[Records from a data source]
__________________________________________________
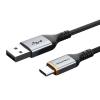 CABLETIME καλώδιο USB σε USB-C CT-AMCM3A, 3A, 2m, μαύρο | Καλώδια - Αντάπτορες | elabstore.gr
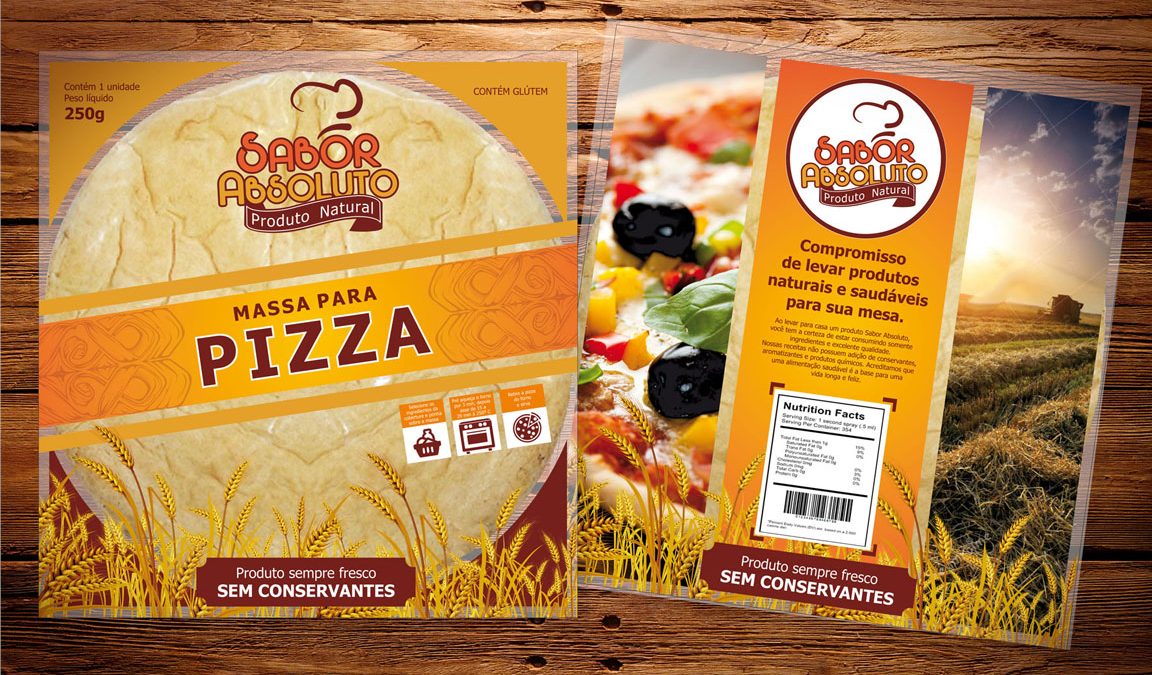 Criação de embalagem plástica para alimento pão pizza bolo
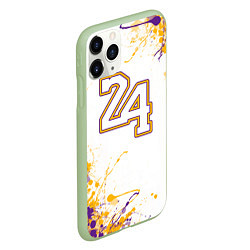 Чехол iPhone 11 Pro матовый Коби Брайант Lakers 24, цвет: 3D-салатовый — фото 2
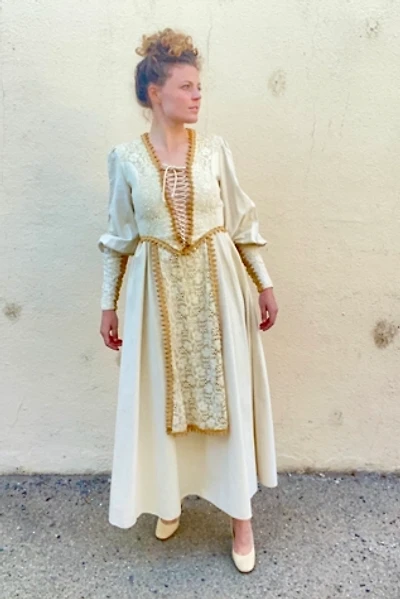 Vintage Gunne Sax Lace Detailed Dress Selected by The Curatorial Dept.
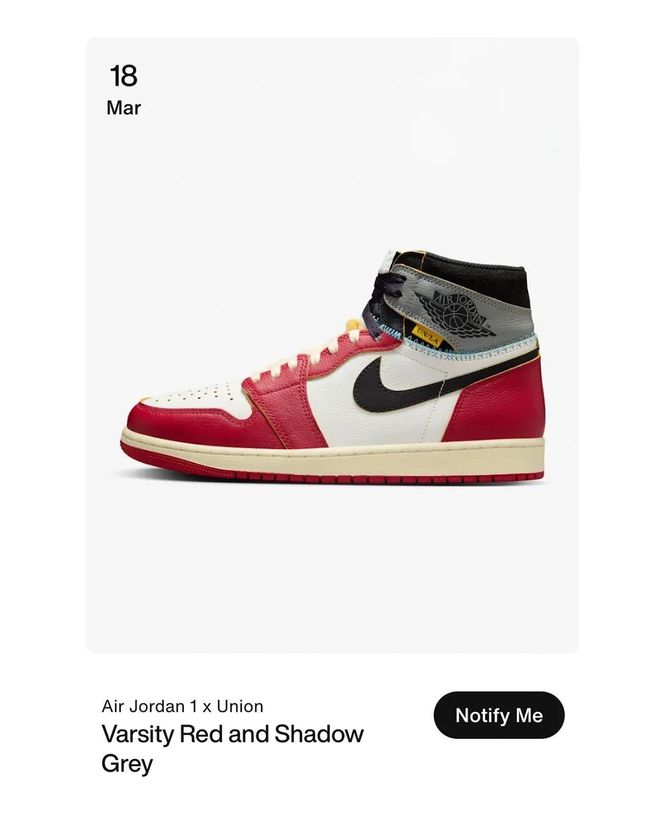 nion x AJ1」待命发售货量55w双AG真人中国⏱Snkrs上架！芝加哥「U(图2)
__________________________________________________
EXERCISE PROMPT: Repeat the records exactly, without the pictures.

FINISHED TASK:
 CABLETIME καλώδιο USB σε USB-C CT-AMCM3A, 3A, 2m, μαύρο | Καλώδια - Αντάπτορες | elabstore.gr
 Criação de embalagem plástica para alimento pão pizza bolo
 Чехол iPhone 11 Pro матовый Коби Брайант Lakers 24, цвет: 3D-салатовый — фото 2
 Vintage Gunne Sax Lace Detailed Dress Selected by The Curatorial Dept.
 nion x AJ1」待命发售货量55w双AG真人中国⏱Snkrs上架！芝加哥「U(图2)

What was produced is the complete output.